Present: All the Justices
TERRY WILLIAMS
OPINION BY JUSTICE A. CHRISTIAN COMPTON
v. Record No. 960534 June 6, 1997
WARDEN OF THE MECKLENBURG
CORRECTIONAL CENTER
UPON A PETITION FOR A WRIT OF HABEAS CORPUS
This is the first habeas corpus petition filed by a prisoner
held under a sentence of death that we have addressed in a
published opinion since the applicable statute was amended
effective July 1, 1995. See Acts 1995, ch. 503.
The 1995 amendment to Code § 8.01-654 added subsection (C).
It provides that this Court shall have "exclusive jurisdiction"
to consider and award writs of habeas corpus with respect to any
such petition filed by a convict held under a death sentence.

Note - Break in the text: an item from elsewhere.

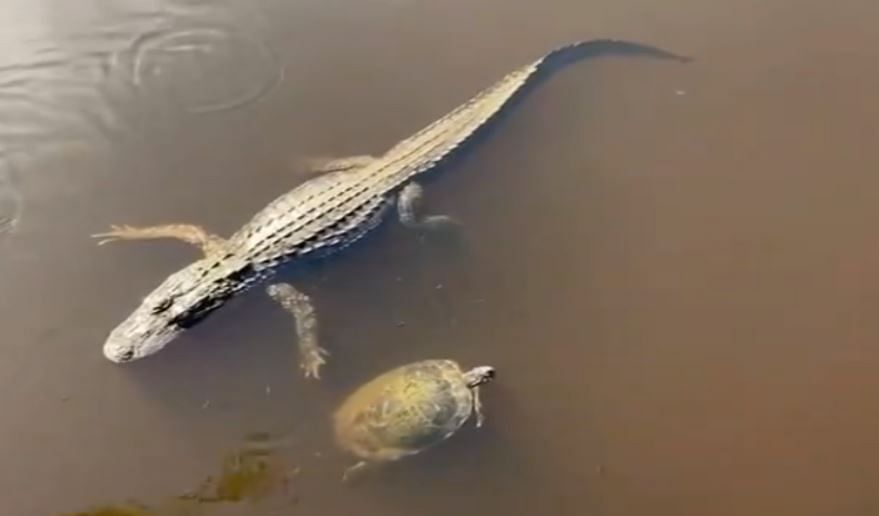 viral video of turtle gretting aligator in the sea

§ 8.01-654(C)(1). The amendment further provides that the
circuit court "which entered the judgment order setting the
sentence of death shall have authority to conduct an evidentiary
hearing on such a petition only if directed to do so by order of
the Supreme Court." Id.
The amendment fixes time limits within which the circuit
court "shall conduct" a hearing on the issues enumerated in this
Court's order and within which the circuit court "shall report
its findings of fact and recommend conclusions of law to the
Supreme Court." § 8.01-654(C)(3). Finally, the amendment
provides that any objection to the circuit court's report must be
filed in this Court, within a specified time limit. Id.
Petitioner Terry Williams was convicted in a jury trial in
the Circuit Court of the City of Danville of the capital murder
of Harris Thomas Stone. The crime was committed in November
1985, the accused was indicted in July 1986, and the jury found
him guilty in September 1986.
After a separate proceeding on the issue of punishment and
after hearing evidence of the accused's history, including
aggravating factors and mitigating evidence, the jury fixed his
sentence at death. This sentence was based upon the "future
dangerousness" predicate of the statutory scheme; the verdict
stated there is a probability that the defendant "would commit
criminal acts of violence that would constitute a continuing
serious threat to society."
Following a statutorily mandated hearing before the trial
judge on punishment, the defendant was sentenced in November 1986
to death. This Court affirmed the conviction and death sentence
on direct appeal. Williams v. Commonwealth, 234 Va. 168, 360
S.E.2d 361 (1987). The United States Supreme Court refused
review. Williams v. Virginia, 484 U.S. 1020 (1988).
In August 1988, the convict filed a habeas corpus petition
in the Danville Circuit Court. After a 1989 hearing, the court
dismissed a number of the habeas claims. An amended petition was
filed in April 1995, and the court heard evidence in June 1995 on
the issue of ineffective assistance of trial counsel.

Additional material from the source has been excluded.